Maybe if she had been nearer to the man it would have been possible to skewer him in the same way she had dealt with the other, but there was ten feet between them, and he was pointing a gun at her.
Frankie smiled, but there was no humor in the mirthless expression, just a cold and maniacal grimace; fixed like that of reptiles that cannot show any emotions, should they have any.
“Go for it babe,” Frankie said. “See if you’re faster than a bullet.”
Della froze and stood in place like one of the waxwork figures in Madame Tussaudes on West 42
nd
Street.
This was it
, she thought.
Another second or two and I’ll be in oblivion or reunited with Ray
. The crushing fear that she had endured for hours suddenly evaporated. She just stared at the man and waited to enter heaven or nonexistence.
“Turn round and kneel on the floor,” Frankie said. “And if you’re religious, say a prayer, but make it quick because in five seconds I’m going to blow your fucking brains out.”
“Bad idea,” a voice said from above. “Shoot her and you’ll die down there.”
Every muscle in Frankie’s body tensed. He kept his eyes and his gun on Della and shouted, “Who the fuck’re you?”
“My name’s Logan. And you have a choice to make. Toss your weapon to where I can see it at the bottom of the steps, or be stupid and die.”
“That isn’t going to happen, Logan,” Frankie said. “Come down here with your hands on top of your head, fingers laced. You give me what we want and I’ll let you and the broad live.”
“If you knew me, you’d know that I don’t deal with lowlife’s like you,” Logan said. “Lose the gun and walk over here where I can see you, or I’ll call in New York’s Finest to join the party. You’re armed with a hostage, and there’s a body covered in blood on the stairs. Do you think that a SWAT team is a better way to go?”
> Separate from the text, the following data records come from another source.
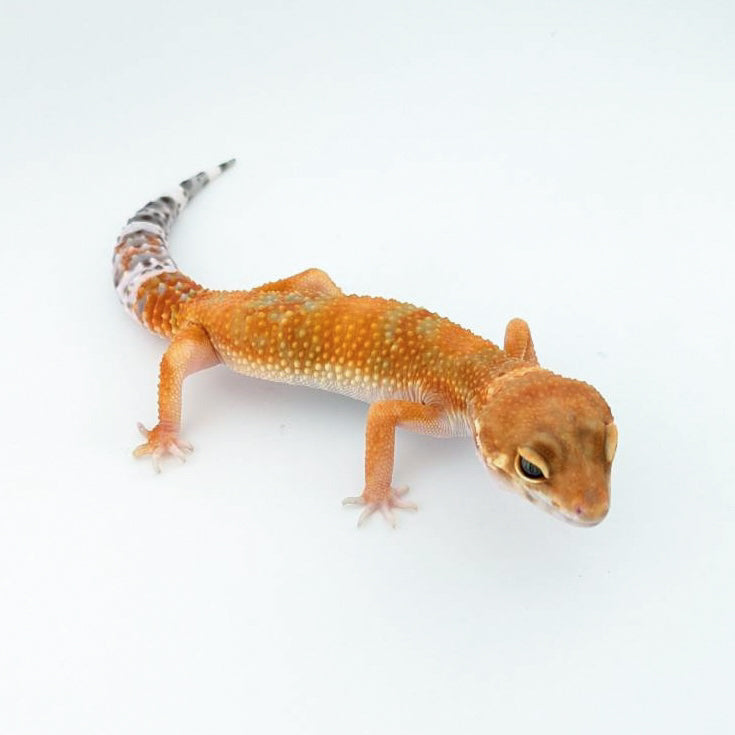 タンジェリンhetレイン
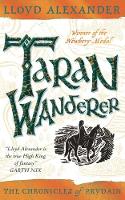 Book Cover for Taran Wanderer by Lloyd Alexander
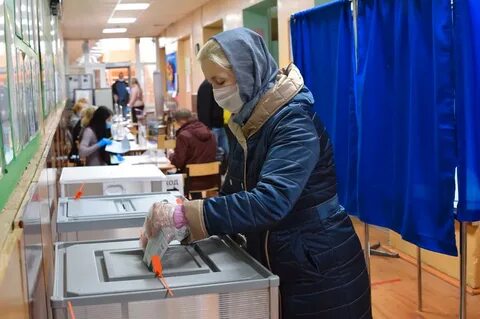 Явка на выборах 24
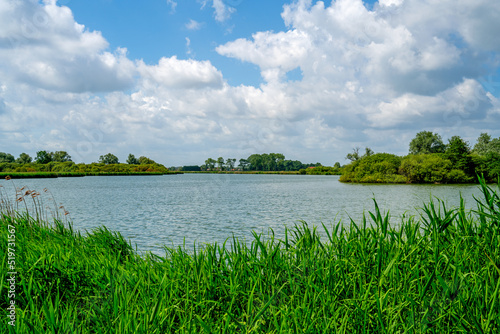 Pool in a nature reserve in West Flanders, Belgium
Frankie wasn’t the brightest candle flame on the alter, but he knew by the firm resolve in Logan’s voice that he was trapped, and that the only way out of the concrete pit he had entered was blocked by a guy that was prepared to wait him out until the cops arrived. Whacking the woman was now an obsolete idea. He’d played enough cards to know when to fold and walk away from the table. You win some, you lose some. “Okay”, he said. “If this crazy bitch puts the homemade spear she stabbed my partner with down, I’ll give up my gun.”
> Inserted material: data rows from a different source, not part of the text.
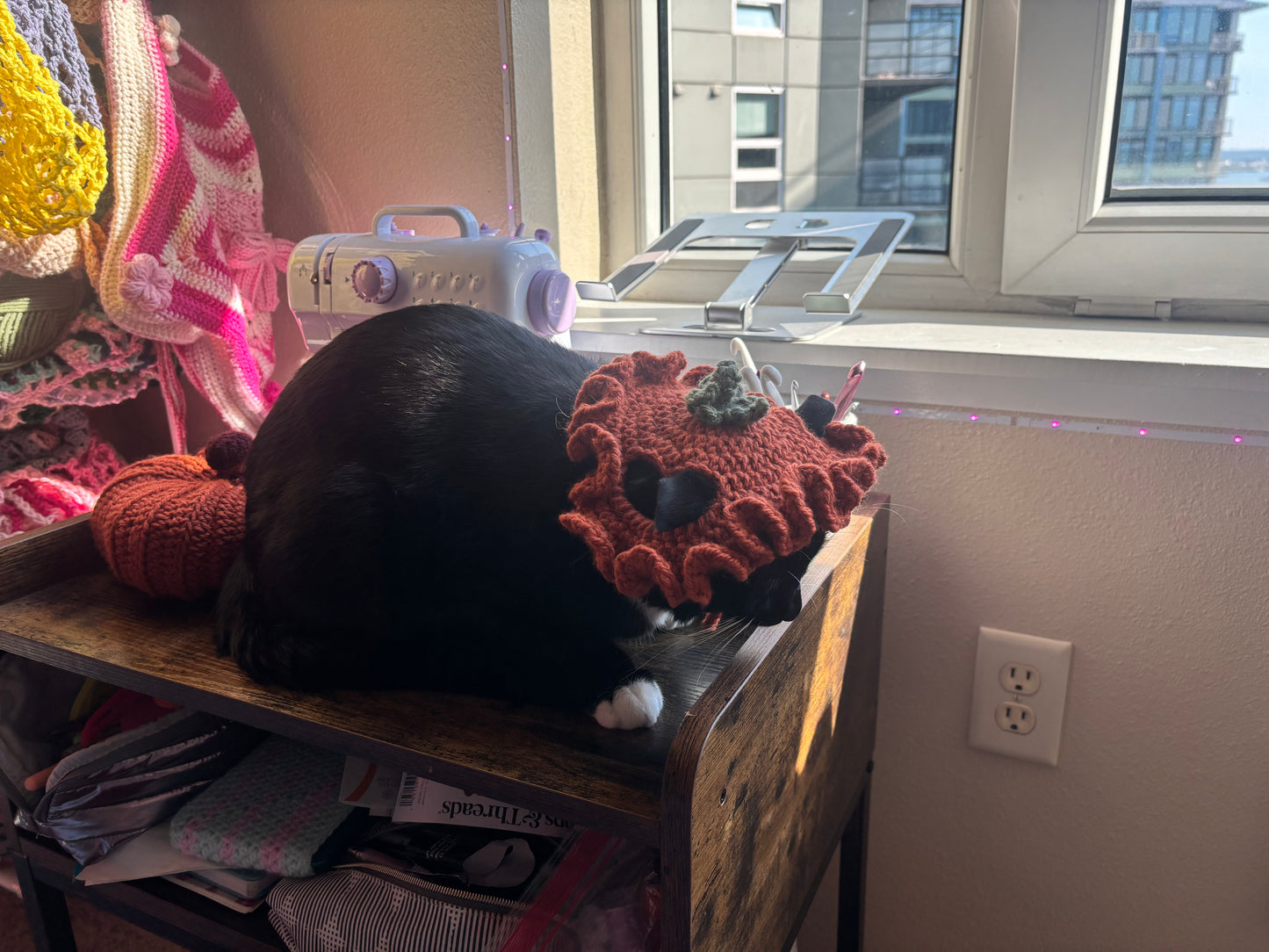 pumpkin pet costume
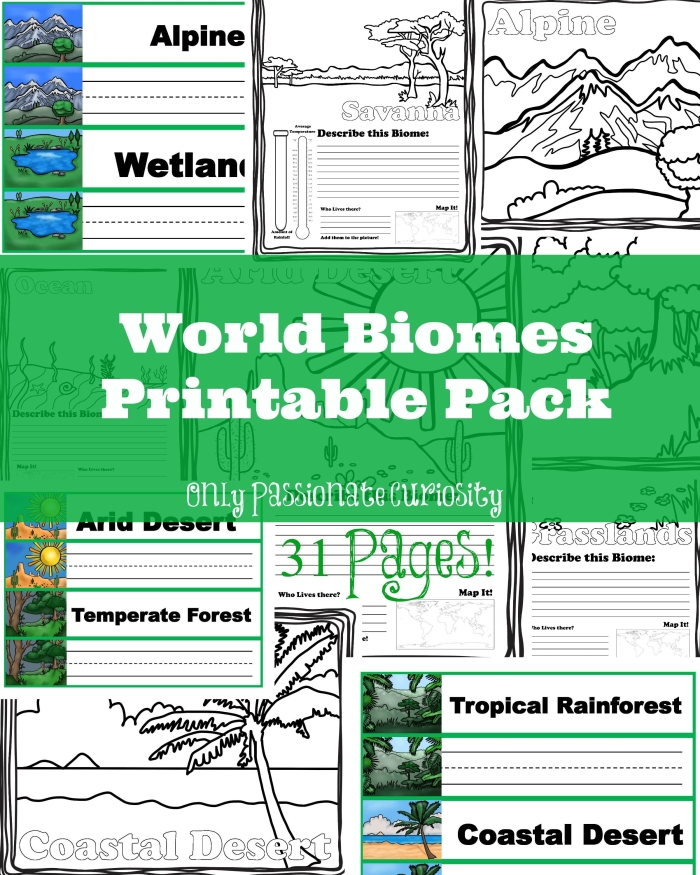 Biomes of the World Map Reference Image 25 World terrestrial biomes map showing different climate zones and ecosystems for fourth grade geography study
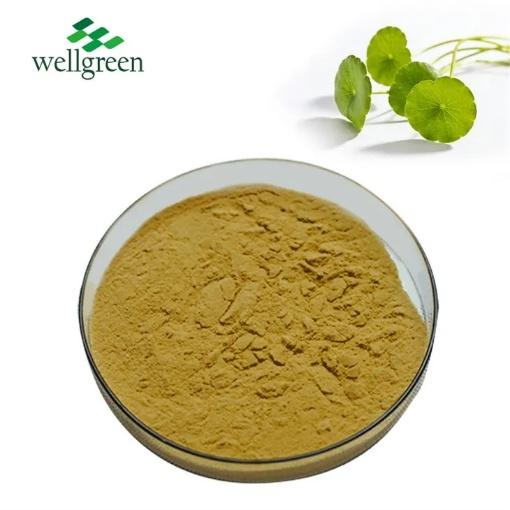 Centella Asiatica Extract - Herbal Extraction Plants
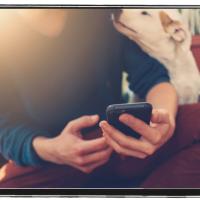 Person sitting with their dog using their smart phone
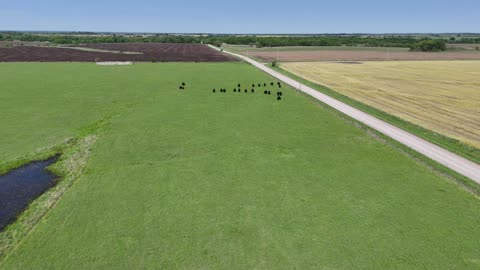 Descending Over Cattle in a Green Country Field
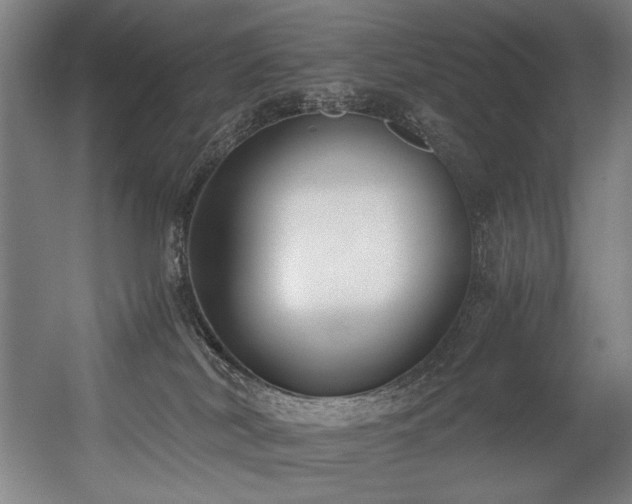 X0000056360038200508291356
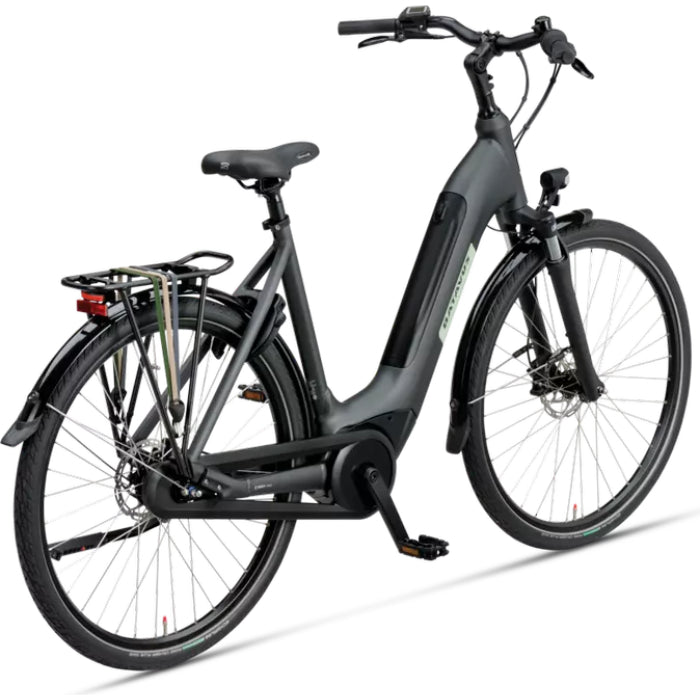 Batavus Altura image 2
“Can you hear me, Della?” Logan called.
“Yes, Joe.”
“Has he hurt you?”
“No. You got here just in time.”
“Better late than never. Put whatever you’ve got on the floor, then walk over to the steps.”
Della swallowed hard, dropped the broom handle and skirted around the man who had been about to kill her. Once passed him she felt a sensation of ice crystals forming along the length of her spine. Would he let her go, or shoot her in the back before she could climb the staircase?
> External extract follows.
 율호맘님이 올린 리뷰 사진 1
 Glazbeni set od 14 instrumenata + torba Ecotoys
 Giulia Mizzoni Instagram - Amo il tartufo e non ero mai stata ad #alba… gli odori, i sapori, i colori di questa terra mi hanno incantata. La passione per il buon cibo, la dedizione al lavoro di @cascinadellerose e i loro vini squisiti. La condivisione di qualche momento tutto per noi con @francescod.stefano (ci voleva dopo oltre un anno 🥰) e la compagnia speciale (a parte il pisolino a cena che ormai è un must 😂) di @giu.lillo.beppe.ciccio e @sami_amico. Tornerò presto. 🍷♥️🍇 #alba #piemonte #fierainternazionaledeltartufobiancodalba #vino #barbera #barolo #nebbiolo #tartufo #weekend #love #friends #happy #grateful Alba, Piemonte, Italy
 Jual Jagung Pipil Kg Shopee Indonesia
Ascending the stairs was a nightmare. She had to step over the body of the man that she had killed. Stabbing a person in almost pitch blackness had been a traumatic incident, but to now see the result of what she had done was even more harrowing. The expression on the corpse’s face was almost identical to the horrific death snarl she had seen on a couple of raccoons that her grandfather had baited with poisoned meat, back when she had been an eleven-year old living in Hoboken. The critters had moved in to her grandparents’ to pay the ultimate price for trespassing and taking up rent-free residence. She had suffered from nightmares for months after seeing the bodies, which her granddad had held by their bushy tails and swung in front of her face, before depositing them in a dumpster he’d hired to fill with the rubble from a brick-built outhouse he had demolished.